> **Data segment**
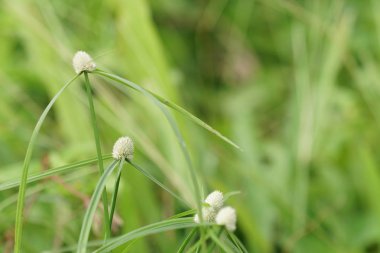 gündüz açık havada büyüyen vahşi bitkilerin yakın 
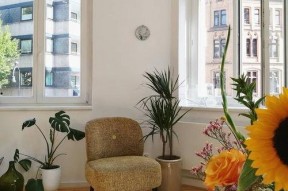 让阳光晒满家,让阳光洒满家的温馨时光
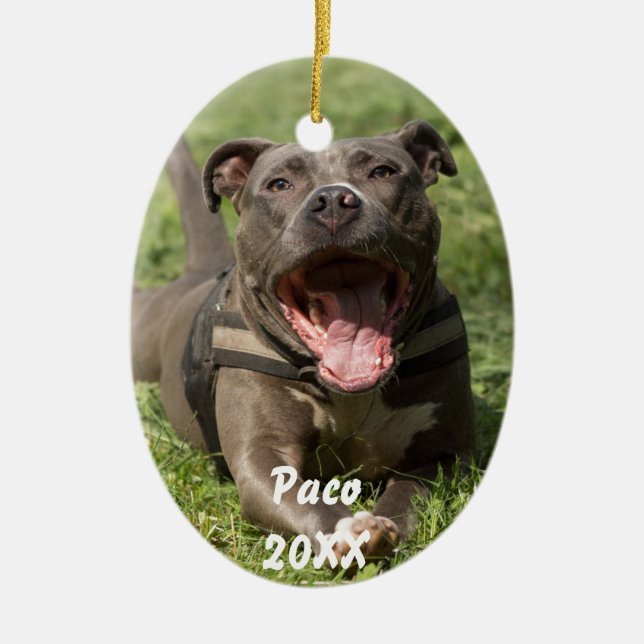Ornement Ovale En Céramique Pitbull dans l'herbe (Devant)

> **Work to be completed**
Could you print the listing above exactly, without the pictures?

> **Your response**
 gündüz açık havada büyüyen vahşi bitkilerin yakın 
 让阳光晒满家,让阳光洒满家的温馨时光
Ornement Ovale En Céramique Pitbull dans l'herbe (Devant)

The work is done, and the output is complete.